Instructions for the task
The expected output is the data itself, duplicated in full.

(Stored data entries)
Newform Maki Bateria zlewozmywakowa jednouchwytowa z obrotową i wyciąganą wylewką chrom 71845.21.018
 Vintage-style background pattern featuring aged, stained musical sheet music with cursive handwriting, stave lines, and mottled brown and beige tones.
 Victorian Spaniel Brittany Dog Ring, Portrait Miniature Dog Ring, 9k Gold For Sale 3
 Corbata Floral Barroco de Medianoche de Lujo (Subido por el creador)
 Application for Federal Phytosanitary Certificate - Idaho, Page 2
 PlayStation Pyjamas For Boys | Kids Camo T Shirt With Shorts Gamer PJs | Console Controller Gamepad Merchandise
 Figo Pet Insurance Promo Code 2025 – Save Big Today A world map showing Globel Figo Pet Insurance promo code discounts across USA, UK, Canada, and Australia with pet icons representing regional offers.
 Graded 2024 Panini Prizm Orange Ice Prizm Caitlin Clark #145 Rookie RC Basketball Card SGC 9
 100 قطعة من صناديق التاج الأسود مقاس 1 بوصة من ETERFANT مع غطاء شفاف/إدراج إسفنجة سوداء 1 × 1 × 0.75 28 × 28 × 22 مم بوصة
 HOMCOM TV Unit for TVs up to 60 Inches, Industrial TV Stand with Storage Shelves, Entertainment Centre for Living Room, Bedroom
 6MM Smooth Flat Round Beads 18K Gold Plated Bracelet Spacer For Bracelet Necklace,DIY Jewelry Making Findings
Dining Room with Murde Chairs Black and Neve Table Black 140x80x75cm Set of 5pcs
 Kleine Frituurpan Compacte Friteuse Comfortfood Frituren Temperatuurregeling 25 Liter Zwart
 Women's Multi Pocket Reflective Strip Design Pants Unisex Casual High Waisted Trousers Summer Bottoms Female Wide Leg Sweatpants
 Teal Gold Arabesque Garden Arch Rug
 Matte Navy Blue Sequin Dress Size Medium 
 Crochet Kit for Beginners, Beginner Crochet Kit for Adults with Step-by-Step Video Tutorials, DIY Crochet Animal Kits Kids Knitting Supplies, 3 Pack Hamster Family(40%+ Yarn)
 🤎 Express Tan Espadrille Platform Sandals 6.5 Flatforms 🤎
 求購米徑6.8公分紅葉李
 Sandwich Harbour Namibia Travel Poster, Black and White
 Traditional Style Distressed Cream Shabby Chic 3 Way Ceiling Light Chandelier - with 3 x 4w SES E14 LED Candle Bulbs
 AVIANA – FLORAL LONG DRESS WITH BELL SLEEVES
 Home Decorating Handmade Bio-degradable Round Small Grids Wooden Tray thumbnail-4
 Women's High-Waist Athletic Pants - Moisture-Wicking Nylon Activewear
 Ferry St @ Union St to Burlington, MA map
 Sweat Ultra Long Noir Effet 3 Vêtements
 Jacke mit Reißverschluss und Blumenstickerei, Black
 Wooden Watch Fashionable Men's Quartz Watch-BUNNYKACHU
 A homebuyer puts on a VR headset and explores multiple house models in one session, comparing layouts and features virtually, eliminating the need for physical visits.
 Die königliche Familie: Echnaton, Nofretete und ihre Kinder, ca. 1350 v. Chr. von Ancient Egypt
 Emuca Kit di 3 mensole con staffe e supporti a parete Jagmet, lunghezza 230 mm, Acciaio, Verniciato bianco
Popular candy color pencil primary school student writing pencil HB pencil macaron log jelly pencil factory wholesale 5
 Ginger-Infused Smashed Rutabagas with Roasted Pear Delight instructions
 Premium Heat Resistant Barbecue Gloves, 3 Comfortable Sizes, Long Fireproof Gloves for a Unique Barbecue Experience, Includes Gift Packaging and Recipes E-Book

Written reply
Newform Maki Bateria zlewozmywakowa jednouchwytowa z obrotową i wyciąganą wylewką chrom 71845.21.018
 Vintage-style background pattern featuring aged, stained musical sheet music with cursive handwriting, stave lines, and mottled brown and beige tones.
 Victorian Spaniel Brittany Dog Ring, Portrait Miniature Dog Ring, 9k Gold For Sale 3
 Corbata Floral Barroco de Medianoche de Lujo (Subido por el creador)
 Application for Federal Phytosanitary Certificate - Idaho, Page 2
 PlayStation Pyjamas For Boys | Kids Camo T Shirt With Shorts Gamer PJs | Console Controller Gamepad Merchandise
 Figo Pet Insurance Promo Code 2025 – Save Big Today A world map showing Globel Figo Pet Insurance promo code discounts across USA, UK, Canada, and Australia with pet icons representing regional offers.
 Graded 2024 Panini Prizm Orange Ice Prizm Caitlin Clark #145 Rookie RC Basketball Card SGC 9
 100 قطعة من صناديق التاج الأسود مقاس 1 بوصة من ETERFANT مع غطاء شفاف/إدراج إسفنجة سوداء 1 × 1 × 0.75 28 × 28 × 22 مم بوصة
 HOMCOM TV Unit for TVs up to 60 Inches, Industrial TV Stand with Storage Shelves, Entertainment Centre for Living Room, Bedroom
 6MM Smooth Flat Round Beads 18K Gold Plated Bracelet Spacer For Bracelet Necklace,DIY Jewelry Making Findings
Dining Room with Murde Chairs Black and Neve Table Black 140x80x75cm Set of 5pcs
 Kleine Frituurpan Compacte Friteuse Comfortfood Frituren Temperatuurregeling 25 Liter Zwart
 Women's Multi Pocket Reflective Strip Design Pants Unisex Casual High Waisted Trousers Summer Bottoms Female Wide Leg Sweatpants
 Teal Gold Arabesque Garden Arch Rug
 Matte Navy Blue Sequin Dress Size Medium 
 Crochet Kit for Beginners, Beginner Crochet Kit for Adults with Step-by-Step Video Tutorials, DIY Crochet Animal Kits Kids Knitting Supplies, 3 Pack Hamster Family(40%+ Yarn)
 🤎 Express Tan Espadrille Platform Sandals 6.5 Flatforms 🤎
 求購米徑6.8公分紅葉李
 Sandwich Harbour Namibia Travel Poster, Black and White
 Traditional Style Distressed Cream Shabby Chic 3 Way Ceiling Light Chandelier - with 3 x 4w SES E14 LED Candle Bulbs
 AVIANA – FLORAL LONG DRESS WITH BELL SLEEVES
 Home Decorating Handmade Bio-degradable Round Small Grids Wooden Tray thumbnail-4
 Women's High-Waist Athletic Pants - Moisture-Wicking Nylon Activewear
 Ferry St @ Union St to Burlington, MA map
 Sweat Ultra Long Noir Effet 3 Vêtements
 Jacke mit Reißverschluss und Blumenstickerei, Black
 Wooden Watch Fashionable Men's Quartz Watch-BUNNYKACHU
 A homebuyer puts on a VR headset and explores multiple house models in one session, comparing layouts and features virtually, eliminating the need for physical visits.
 Die königliche Familie: Echnaton, Nofretete und ihre Kinder, ca. 1350 v. Chr. von Ancient Egypt
 Emuca Kit di 3 mensole con staffe e supporti a parete Jagmet, lunghezza 230 mm, Acciaio, Verniciato bianco
Popular candy color pencil primary school student writing pencil HB pencil macaron log jelly pencil factory wholesale 5
 Ginger-Infused Smashed Rutabagas with Roasted Pear Delight instructions
 Premium Heat Resistant Barbecue Gloves, 3 Comfortable Sizes, Long Fireproof Gloves for a Unique Barbecue Experience, Includes Gift Packaging and Recipes E-Book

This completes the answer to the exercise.